Dipping: a cheap technique or a useful skill?

A year ago I attended a master’s level painting class in Chicago with Meg Maples, award winning model painter and former staff painter of Privateer Press. We practiced two-brush blending for two days straight. Two-brush blending requires hours of practice and is used by many professional painters. To master two-brush blending would be an amazing feat. Dipping on the other hand requires very little practice and is not used by professional painters.

Until recently I looked down on dipping as an inferior technique because I know enough about painting that I don’t need a jar of goop to do it for me. However, with Adepitcon nearing I found myself desperate to get my Warmachine army painted so I gave it a shot.

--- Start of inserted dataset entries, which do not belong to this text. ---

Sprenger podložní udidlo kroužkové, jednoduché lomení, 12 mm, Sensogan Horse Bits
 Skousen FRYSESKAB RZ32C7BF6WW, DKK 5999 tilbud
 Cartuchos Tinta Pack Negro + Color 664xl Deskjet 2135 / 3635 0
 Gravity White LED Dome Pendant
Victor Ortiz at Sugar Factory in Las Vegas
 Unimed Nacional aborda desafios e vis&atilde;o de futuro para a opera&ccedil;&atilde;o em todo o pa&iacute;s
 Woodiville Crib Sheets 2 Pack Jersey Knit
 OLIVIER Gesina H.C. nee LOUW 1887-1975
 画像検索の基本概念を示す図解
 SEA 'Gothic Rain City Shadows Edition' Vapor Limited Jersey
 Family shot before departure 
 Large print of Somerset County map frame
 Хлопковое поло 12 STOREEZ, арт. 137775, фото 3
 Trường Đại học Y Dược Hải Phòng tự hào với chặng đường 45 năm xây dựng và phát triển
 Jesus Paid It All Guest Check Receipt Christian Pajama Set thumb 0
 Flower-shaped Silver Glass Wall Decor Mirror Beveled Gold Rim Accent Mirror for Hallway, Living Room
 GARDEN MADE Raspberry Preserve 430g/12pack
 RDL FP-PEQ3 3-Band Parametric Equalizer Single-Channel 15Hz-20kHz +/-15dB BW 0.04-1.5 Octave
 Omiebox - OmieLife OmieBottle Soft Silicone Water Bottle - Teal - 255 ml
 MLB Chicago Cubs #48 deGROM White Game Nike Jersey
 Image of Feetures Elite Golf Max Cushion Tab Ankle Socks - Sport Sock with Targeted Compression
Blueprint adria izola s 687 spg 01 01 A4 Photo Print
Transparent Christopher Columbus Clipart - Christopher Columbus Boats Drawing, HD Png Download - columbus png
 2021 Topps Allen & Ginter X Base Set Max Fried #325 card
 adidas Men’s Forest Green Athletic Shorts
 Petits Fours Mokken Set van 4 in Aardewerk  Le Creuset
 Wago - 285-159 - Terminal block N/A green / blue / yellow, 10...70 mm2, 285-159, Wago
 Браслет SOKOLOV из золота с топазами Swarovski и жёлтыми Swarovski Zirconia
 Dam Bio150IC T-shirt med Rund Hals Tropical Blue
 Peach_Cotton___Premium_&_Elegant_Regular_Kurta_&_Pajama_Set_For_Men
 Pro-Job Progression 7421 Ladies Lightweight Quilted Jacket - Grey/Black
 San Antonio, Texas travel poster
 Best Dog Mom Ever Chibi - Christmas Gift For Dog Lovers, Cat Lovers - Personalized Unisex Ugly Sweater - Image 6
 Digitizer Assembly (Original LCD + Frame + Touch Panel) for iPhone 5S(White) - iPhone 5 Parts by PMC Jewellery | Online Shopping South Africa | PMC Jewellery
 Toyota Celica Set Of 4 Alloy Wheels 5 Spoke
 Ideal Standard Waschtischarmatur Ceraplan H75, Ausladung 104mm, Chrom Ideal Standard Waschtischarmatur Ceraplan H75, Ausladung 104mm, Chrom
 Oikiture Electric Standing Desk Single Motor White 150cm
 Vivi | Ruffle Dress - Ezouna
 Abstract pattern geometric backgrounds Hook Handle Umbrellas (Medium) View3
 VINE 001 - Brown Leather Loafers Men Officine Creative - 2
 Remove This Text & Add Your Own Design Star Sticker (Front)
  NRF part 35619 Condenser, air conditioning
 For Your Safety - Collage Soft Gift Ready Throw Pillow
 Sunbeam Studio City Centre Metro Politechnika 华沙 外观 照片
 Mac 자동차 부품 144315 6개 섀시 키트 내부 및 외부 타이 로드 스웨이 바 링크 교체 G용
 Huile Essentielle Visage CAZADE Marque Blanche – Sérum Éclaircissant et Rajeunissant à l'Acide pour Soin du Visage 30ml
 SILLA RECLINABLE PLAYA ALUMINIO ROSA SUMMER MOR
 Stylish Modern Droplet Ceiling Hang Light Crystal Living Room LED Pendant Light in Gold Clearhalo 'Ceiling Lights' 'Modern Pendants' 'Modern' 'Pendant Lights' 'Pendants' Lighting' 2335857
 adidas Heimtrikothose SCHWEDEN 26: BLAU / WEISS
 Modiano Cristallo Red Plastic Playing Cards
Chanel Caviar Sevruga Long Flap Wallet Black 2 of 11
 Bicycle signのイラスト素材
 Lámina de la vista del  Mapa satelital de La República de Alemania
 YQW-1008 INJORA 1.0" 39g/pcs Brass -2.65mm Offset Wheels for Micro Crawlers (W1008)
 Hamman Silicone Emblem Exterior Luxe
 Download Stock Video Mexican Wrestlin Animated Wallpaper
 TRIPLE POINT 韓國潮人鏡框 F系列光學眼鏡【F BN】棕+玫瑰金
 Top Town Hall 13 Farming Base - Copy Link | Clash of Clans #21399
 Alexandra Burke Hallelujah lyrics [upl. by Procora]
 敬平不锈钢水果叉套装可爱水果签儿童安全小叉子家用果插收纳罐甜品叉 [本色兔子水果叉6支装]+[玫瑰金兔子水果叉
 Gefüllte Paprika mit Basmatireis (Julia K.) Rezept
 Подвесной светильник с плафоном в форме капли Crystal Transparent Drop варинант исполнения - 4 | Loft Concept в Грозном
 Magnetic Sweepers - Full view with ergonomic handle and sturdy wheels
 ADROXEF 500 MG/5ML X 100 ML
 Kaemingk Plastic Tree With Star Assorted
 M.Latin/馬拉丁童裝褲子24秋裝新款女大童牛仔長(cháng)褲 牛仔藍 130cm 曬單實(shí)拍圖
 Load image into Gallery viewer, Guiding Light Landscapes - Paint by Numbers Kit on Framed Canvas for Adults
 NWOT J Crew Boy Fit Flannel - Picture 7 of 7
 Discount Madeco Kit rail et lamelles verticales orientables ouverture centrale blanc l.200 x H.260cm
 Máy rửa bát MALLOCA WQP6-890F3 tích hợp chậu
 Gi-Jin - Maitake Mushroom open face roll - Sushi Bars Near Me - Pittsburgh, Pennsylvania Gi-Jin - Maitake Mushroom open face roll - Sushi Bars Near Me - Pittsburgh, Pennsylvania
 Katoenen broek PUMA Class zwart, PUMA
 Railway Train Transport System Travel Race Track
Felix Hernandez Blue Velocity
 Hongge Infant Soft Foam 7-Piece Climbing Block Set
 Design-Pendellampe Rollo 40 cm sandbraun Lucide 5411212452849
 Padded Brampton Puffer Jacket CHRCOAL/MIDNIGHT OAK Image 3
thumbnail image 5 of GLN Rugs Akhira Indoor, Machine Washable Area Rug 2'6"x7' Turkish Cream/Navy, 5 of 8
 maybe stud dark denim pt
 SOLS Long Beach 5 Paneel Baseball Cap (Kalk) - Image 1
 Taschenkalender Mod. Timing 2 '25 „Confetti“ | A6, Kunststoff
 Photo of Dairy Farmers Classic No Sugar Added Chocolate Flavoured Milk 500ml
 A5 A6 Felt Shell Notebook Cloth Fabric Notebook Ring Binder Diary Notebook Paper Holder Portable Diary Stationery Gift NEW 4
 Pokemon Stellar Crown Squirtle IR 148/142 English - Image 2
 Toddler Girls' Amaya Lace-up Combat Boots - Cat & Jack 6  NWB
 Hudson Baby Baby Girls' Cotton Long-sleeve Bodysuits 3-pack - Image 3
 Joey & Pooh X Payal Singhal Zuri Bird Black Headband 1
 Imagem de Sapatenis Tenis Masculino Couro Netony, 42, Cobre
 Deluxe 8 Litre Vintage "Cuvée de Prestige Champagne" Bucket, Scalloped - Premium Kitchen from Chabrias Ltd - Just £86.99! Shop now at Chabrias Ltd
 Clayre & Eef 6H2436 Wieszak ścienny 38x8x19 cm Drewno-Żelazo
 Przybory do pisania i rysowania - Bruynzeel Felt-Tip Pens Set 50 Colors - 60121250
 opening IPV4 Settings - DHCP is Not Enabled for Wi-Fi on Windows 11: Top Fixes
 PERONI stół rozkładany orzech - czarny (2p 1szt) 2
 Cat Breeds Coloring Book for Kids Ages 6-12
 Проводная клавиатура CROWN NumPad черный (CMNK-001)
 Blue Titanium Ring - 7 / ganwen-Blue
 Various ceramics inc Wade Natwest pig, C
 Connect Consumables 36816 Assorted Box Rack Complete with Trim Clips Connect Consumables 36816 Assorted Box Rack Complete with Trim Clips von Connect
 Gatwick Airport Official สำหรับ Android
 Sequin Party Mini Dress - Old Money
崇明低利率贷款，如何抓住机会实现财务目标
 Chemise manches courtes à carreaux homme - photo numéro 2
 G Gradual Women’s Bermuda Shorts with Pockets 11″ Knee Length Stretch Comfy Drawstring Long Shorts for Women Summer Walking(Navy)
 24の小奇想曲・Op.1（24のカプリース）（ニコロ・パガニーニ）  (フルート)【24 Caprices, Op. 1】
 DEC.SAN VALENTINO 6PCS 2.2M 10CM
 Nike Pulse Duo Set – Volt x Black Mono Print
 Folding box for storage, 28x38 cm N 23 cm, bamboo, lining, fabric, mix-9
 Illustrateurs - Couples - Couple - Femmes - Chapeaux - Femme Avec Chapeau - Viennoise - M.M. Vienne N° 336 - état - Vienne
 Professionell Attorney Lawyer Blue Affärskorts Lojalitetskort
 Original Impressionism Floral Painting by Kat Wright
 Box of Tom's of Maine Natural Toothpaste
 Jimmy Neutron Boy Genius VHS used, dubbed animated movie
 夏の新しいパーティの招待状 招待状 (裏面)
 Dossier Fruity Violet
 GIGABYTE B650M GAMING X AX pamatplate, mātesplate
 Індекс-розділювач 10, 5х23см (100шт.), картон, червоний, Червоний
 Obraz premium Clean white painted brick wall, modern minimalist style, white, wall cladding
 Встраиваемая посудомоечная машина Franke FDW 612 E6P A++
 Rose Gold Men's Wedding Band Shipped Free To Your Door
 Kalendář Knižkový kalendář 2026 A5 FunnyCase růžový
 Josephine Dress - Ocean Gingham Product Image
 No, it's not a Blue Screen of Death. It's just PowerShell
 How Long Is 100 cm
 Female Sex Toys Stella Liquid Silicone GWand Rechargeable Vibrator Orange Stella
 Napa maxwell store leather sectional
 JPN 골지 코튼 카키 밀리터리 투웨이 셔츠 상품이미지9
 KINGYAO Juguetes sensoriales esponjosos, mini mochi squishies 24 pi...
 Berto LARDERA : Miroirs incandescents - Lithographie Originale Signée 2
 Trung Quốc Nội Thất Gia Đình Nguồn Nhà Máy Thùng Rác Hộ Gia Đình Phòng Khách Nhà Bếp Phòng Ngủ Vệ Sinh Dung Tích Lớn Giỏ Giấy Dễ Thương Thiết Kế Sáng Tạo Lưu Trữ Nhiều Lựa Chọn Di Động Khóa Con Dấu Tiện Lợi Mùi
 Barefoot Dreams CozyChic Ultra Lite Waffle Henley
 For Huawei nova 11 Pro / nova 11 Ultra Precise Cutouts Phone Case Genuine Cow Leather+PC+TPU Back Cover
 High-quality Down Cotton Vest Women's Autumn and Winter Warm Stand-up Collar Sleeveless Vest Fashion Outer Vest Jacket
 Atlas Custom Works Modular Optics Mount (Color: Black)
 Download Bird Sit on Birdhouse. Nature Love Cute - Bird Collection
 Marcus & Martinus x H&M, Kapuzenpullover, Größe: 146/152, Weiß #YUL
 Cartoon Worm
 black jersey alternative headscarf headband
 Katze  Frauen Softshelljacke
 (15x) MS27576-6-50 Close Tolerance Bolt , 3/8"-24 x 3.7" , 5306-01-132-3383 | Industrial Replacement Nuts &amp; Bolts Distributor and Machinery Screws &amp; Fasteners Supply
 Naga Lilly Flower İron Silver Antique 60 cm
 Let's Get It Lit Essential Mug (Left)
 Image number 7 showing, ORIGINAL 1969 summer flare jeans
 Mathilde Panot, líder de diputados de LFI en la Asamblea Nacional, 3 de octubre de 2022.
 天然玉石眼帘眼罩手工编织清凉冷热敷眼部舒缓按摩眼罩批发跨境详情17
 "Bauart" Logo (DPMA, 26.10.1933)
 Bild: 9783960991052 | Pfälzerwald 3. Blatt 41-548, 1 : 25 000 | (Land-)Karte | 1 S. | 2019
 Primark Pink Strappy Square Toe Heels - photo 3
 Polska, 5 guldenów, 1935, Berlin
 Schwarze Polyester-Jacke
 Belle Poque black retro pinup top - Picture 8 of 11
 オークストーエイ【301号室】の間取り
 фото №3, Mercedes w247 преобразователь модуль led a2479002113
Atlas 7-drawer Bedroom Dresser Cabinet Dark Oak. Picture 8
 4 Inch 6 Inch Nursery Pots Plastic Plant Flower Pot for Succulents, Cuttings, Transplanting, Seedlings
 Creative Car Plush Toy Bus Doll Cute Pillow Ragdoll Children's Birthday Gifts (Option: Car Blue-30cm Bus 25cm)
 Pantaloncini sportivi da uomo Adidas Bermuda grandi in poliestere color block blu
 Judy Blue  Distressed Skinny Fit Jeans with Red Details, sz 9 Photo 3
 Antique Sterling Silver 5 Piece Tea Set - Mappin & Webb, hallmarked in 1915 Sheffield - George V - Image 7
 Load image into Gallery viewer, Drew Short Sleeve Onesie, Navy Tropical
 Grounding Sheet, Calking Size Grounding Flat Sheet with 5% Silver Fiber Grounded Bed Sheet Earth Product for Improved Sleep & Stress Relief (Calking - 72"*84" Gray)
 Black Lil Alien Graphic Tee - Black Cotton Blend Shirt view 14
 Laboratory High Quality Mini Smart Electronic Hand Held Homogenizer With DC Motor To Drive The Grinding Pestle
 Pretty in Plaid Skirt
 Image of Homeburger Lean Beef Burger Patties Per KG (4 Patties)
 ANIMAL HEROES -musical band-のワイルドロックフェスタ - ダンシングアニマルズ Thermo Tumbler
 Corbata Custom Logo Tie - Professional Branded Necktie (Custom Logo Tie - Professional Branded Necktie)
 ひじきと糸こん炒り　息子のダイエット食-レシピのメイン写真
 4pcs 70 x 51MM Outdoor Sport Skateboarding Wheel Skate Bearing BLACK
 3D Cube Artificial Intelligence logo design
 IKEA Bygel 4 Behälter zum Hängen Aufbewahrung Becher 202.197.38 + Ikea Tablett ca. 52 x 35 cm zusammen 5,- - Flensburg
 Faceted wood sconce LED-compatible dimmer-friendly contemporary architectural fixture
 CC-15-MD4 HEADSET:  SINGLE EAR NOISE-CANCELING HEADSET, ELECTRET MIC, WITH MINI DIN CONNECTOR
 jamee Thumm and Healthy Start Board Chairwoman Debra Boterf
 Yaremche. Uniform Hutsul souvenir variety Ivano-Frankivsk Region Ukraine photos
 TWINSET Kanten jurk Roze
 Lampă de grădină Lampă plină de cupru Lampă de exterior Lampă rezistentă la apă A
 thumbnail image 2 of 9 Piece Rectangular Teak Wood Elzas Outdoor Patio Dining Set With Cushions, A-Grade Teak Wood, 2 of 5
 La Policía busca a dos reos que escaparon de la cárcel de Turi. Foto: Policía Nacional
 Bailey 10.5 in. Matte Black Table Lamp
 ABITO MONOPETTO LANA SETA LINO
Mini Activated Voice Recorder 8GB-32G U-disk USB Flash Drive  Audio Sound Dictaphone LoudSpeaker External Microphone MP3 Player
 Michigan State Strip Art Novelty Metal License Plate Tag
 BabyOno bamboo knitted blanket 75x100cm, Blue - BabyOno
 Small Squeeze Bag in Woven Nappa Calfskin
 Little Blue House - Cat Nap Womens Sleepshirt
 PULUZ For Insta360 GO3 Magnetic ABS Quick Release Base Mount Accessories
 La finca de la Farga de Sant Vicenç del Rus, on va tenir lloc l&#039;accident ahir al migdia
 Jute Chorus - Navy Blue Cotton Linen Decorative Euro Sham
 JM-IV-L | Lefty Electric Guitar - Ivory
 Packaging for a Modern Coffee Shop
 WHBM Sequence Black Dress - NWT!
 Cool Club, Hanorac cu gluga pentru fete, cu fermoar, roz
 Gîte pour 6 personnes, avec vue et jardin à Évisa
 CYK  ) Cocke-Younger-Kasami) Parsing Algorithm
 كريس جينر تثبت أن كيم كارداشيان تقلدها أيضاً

Dipping is simple, just base-coat a model and apply Army Painter Quick Shade by either brushing it on or literally dipping the model. Here is a before and after photo

Before and After dipping

You can see the difference dipping makes. The base-coated model on the left is pretty boring without any shading. However, the dipped model on the right is too glossy for my liking so I will need to spray it with some matte coating.

Flameguard Cleansers

I was pretty pleased with the finished product so I continued the process on more Menoth models.


Daughters of the Flame

After having dipped myself I can say that my opinion of this technique has changed very favorably. Dipping models will never improve my painting skill but it will definitely get me a good looking army quick!

7 Responses

  1. Thundernuts says:

    They look great! I’m a big fan myself of dipping. Like you, I’m a dedicated painter, but sometimes I just need something done quick. After I dullcoat from the dip, I go back and highlight. Then dullcoat again.

    • midwestwargaming says:

      Do you have any pictures of a model dipped twice? I never even considered that.

      • Ian Davies says:

        I think Thundernuts means matte varnishing when he says dullcote, not double dipping. So basecoat, dip, matte varnish, highlight, matte varnish again.

  2. Steven Groom says:

    Miniature painting is such a strange hobby. So many practices have fallen in and out of favor in the almost 30 years I’ve been painting models. It’s very strange to hear a painter talk down about how a model is painted.

    To me the fact that a model is painted at all is a good thing. Today’s painter that dips an entire army can easily become tomorrow’s painter that masters two brush blending. We all start somewhere, right?

    My own style of painting developed very organically. When I started out when I was 14 or so, there wasn’t an internet to look up tutorials on or even to read articles on. I got a brush and some paints (my first paint set was a set of fabric paints that my grandmother gave me) and I tried to stay in the lines.

    My only real education was from issues of White Dwarf and their ‘Eavy Metal articles.

    What I’ve learned is that painting a model is very different from painting an army. For a convention like Adepticon where models are required to be painted, dipping is a very effective way to ensure that your lists can be played.

    But dipping doesn’t have to be the end of the road for the model. You can always go back and spend more time on the models you’ve dipped. You can also dip *most* of your models and really focus on the models that you want to really look good.

    For me, I try to stay as consistent as I can and I try to paint the models I have rather than letting a lot of unpainted models back up on my desk. This gives me more time to spend on the models I’m painting rather than feeling like I have bust out 40 or so models in a week or two.

    In the end, though, I’d much rather play a game with someone that’s put any amount of effort into painting their models. It enhances the game play for me immensely and to that end I’ve found it’s far better to encourage painting, including dipping, than it is to criticize it as a method.

    After all, everyone has to start from somewhere, right?

    • midwestwargaming says:

      A agree, playing against an opponent that put in some amount of effort with their models enhances the overall game experience.

      I’ve seen your models and always appreciated the uniformity of them. Every model looks like it belongs to the army. This was something I struggled with but dipping has helped give my army a more consistent look. But you’re right, this doesn’t need to be the end because frankly, they are pretty flat.

  3. Jordan LeGros says:

    I use brush on deck varnish. It’s cheap, comes in many colors, is water soluable (no fumes AND easy clean up) and it’s made to provide an all weather seal to wood that gets walked on…hard wearing stuff. Like you, I hit it with matt spray as a finishing step. I block in my base colours add one highlight, then brush on the varnish. I use a brush or pointed cotton swab to wick away excesse or get a lighter finish on upper surfaces. In terms of the highlight, I tend to go brighter than I would without a wash of varnish. The varnish tends to mellow this and smooth out harsh transitions well.

    • midwestwargaming says:

      I tried two different types of wood varnish because I heard it was essentially the same as army painter quick shade but it definitely wasn’t the same result. The wood varnish the consistency of a slightly thicker wash and it acted almost entirely like a wash. Army Painter quick shade is noticeable thicker and I feel like that viscosity is part of why the product works so well. It gets in all the detailed grooves and unlike a varnish or wash it stays there.